::: Data

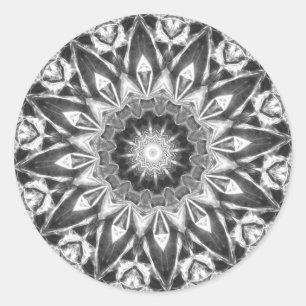 Chrystal Kaleidoskop 05 Runder Aufkleber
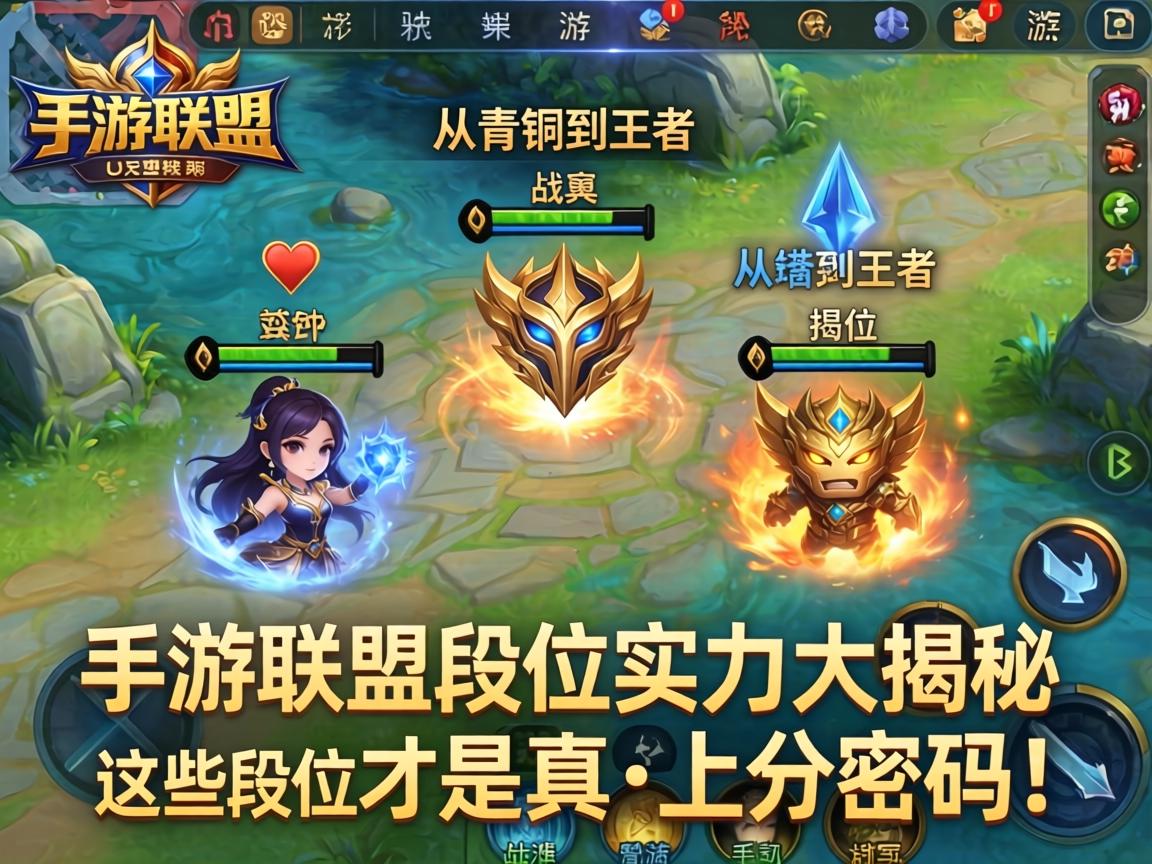 手游联盟段位实力大揭秘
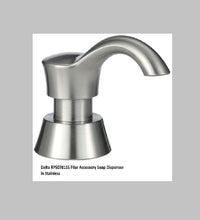 Load image into Gallery viewer, Delta RP50781SS Pilar Accessory Soap Dispenser in Stainless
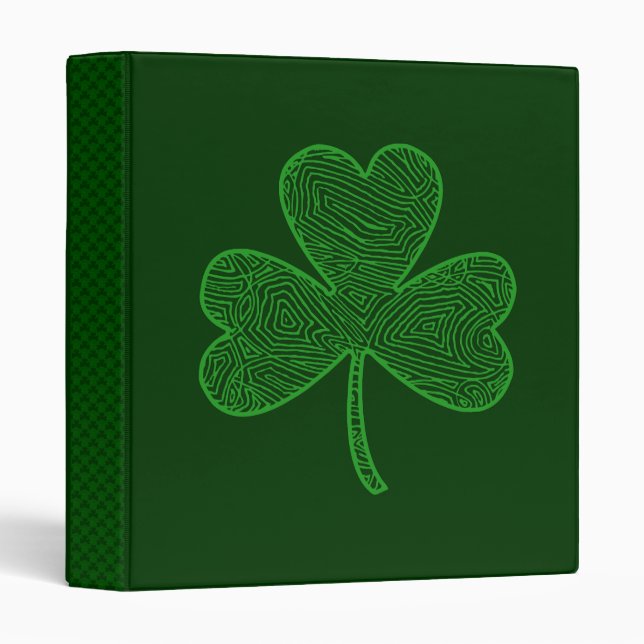 Classeur Shamrock (Devant/Côté)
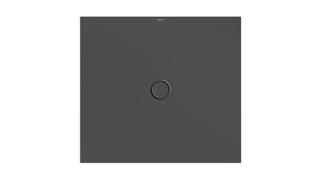 Duschfläche BetteFloor 8735 110x100cm, Gl, Mini-Wannenträger, raven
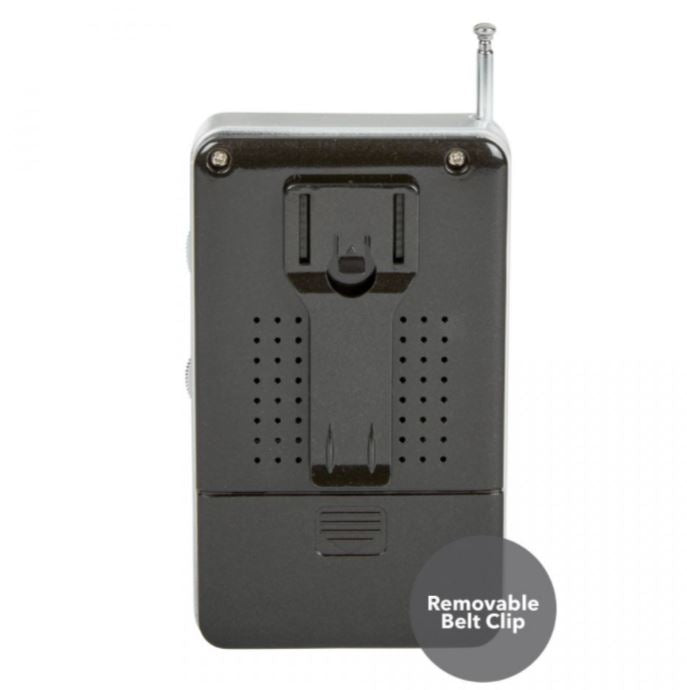 Borne - Portable AM/FM Radio Player w/ Belt Clip (PR200)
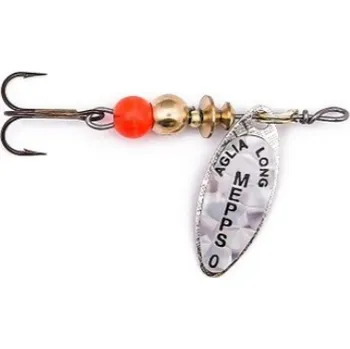 Umělá nástraha Rotační třpytka Mepps Aglia Long Rainbo Vel.0 2,5g Stříbrná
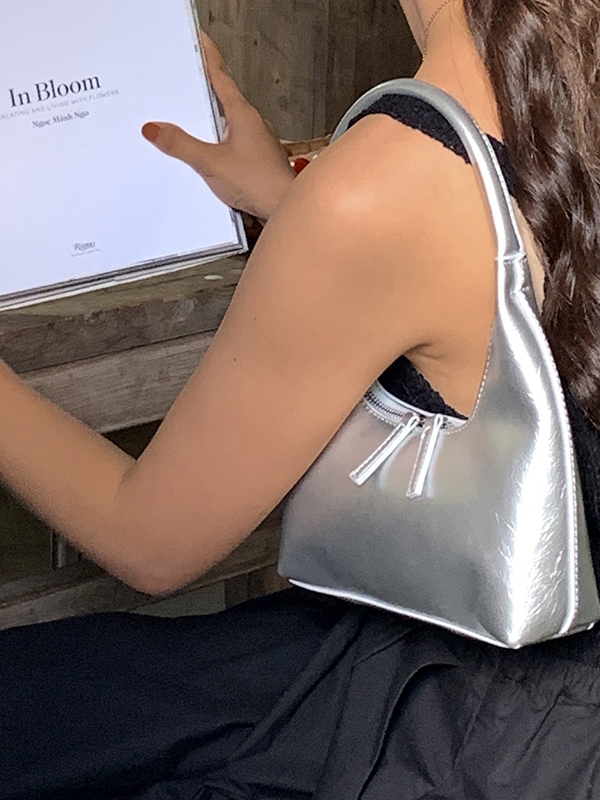 French Versatile Solid Color Shoulder Bag-3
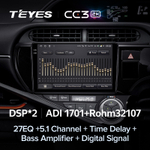 Teyes CC3 2K 9"для Toyota Aqua 2011-2017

::::::

* [Exercise]
Copy exactly the lines from the one containing "French Versatile Solid Color Shoulder Bag-3" through the last line of the records above, including both, and omit every picture.

* [Result of the task]
 French Versatile Solid Color Shoulder Bag-3
 Teyes CC3 2K 9"для Toyota Aqua 2011-2017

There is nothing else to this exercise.